=== Begin Enclosure ===
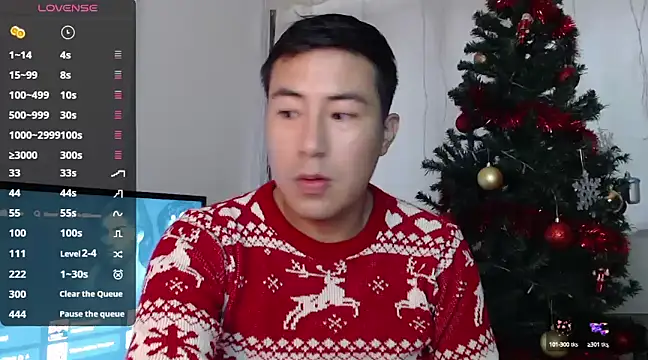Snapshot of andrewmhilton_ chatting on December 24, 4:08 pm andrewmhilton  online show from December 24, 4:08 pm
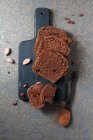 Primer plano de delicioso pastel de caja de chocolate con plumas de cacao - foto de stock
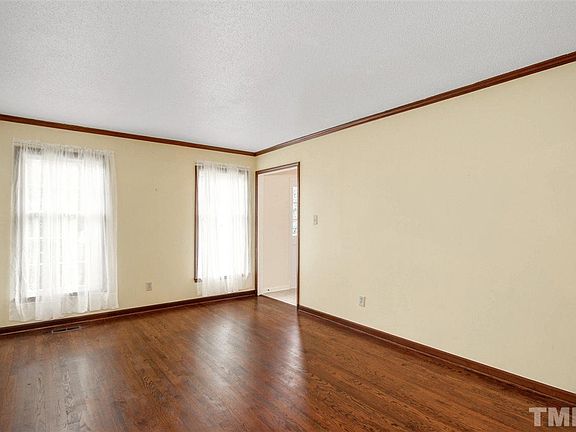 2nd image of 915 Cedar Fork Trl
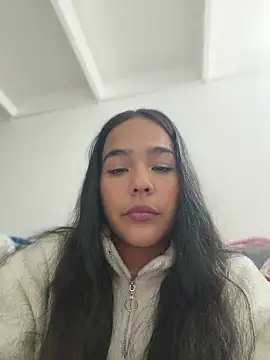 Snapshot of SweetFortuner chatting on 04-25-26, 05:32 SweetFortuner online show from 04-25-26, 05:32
=== End Enclosure ===
=== Begin Enclosure ===
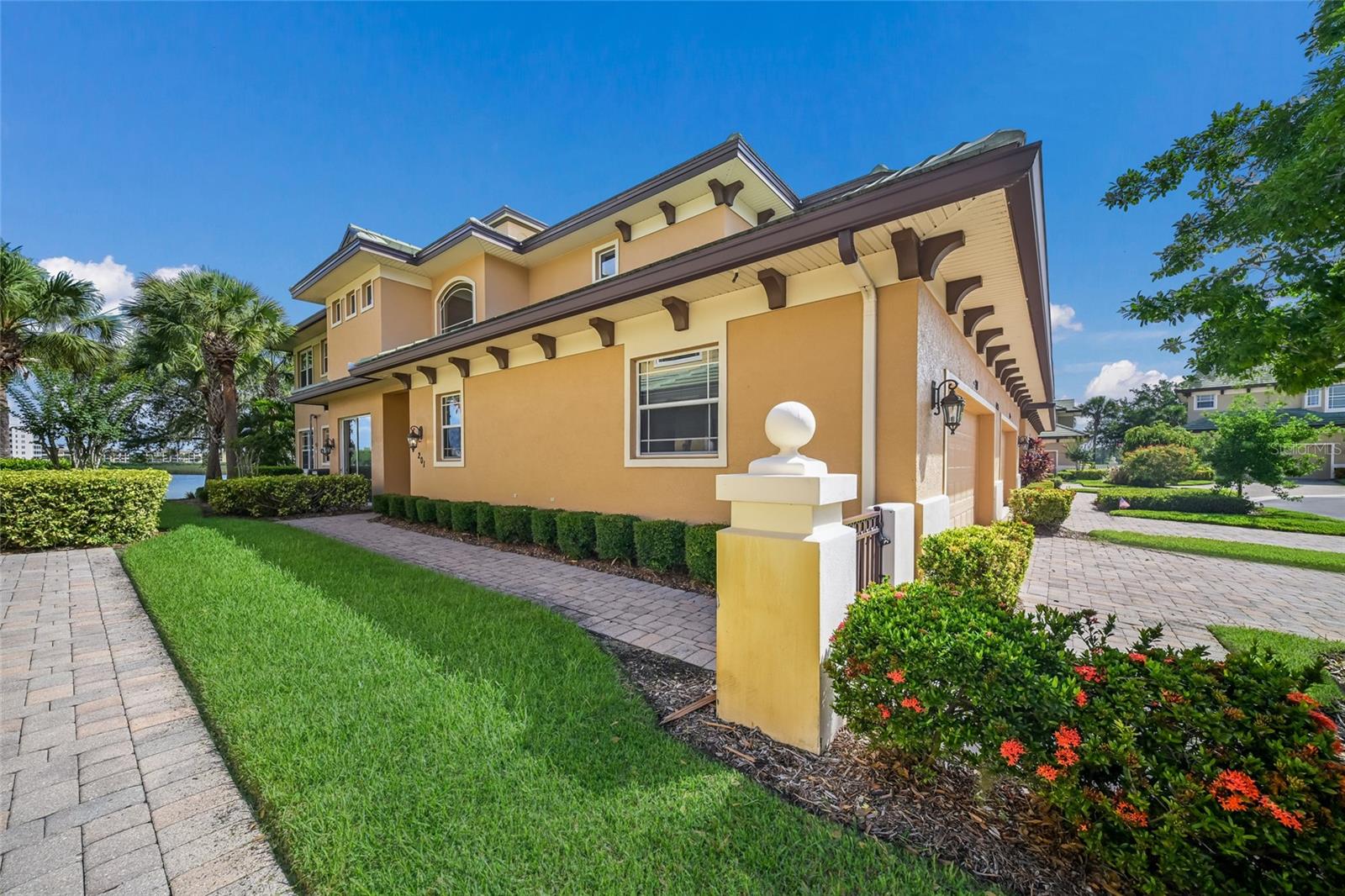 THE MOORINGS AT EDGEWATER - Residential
=== End Enclosure ===
=== Begin Enclosure ===
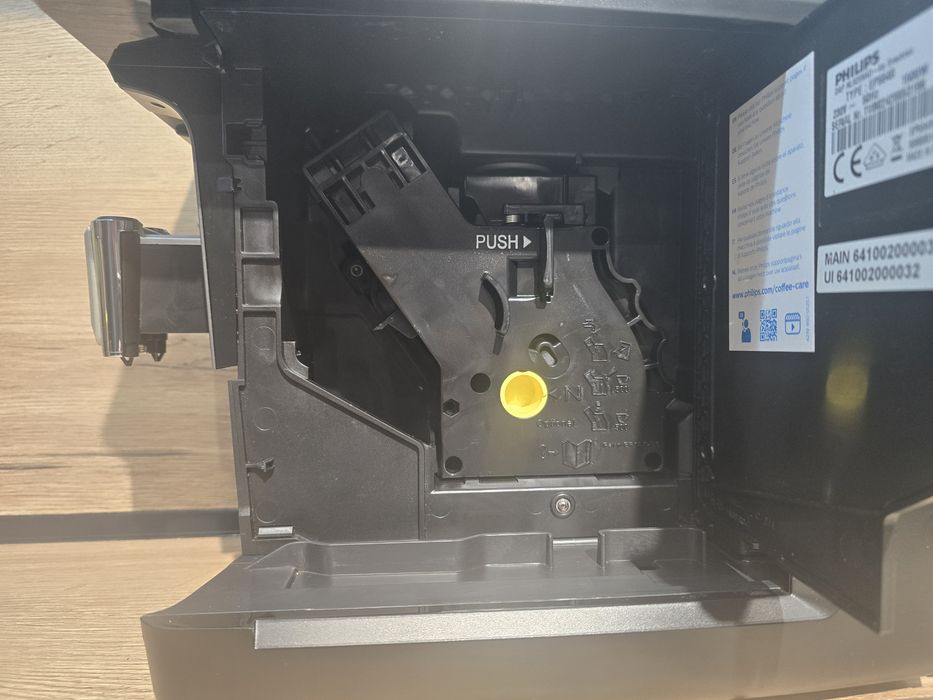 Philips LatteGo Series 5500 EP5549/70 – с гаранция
=== End Enclosure ===
**ABOUT THIS TASK**
Restate word for word the lines of the data above that begin at the line with "Snapshot of andrewmhilton_" and end at the line with "Snapshot of SweetFortuner", keeping both ends and dropping every picture.

**SOLUTION TO THE EXERCISE**
Snapshot of andrewmhilton_ chatting on December 24, 4:08 pm andrewmhilton  online show from December 24, 4:08 pm
 Primer plano de delicioso pastel de caja de chocolate con plumas de cacao - foto de stock
 2nd image of 915 Cedar Fork Trl
 Snapshot of SweetFortuner chatting on 04-25-26, 05:32 SweetFortuner online show from 04-25-26, 05:32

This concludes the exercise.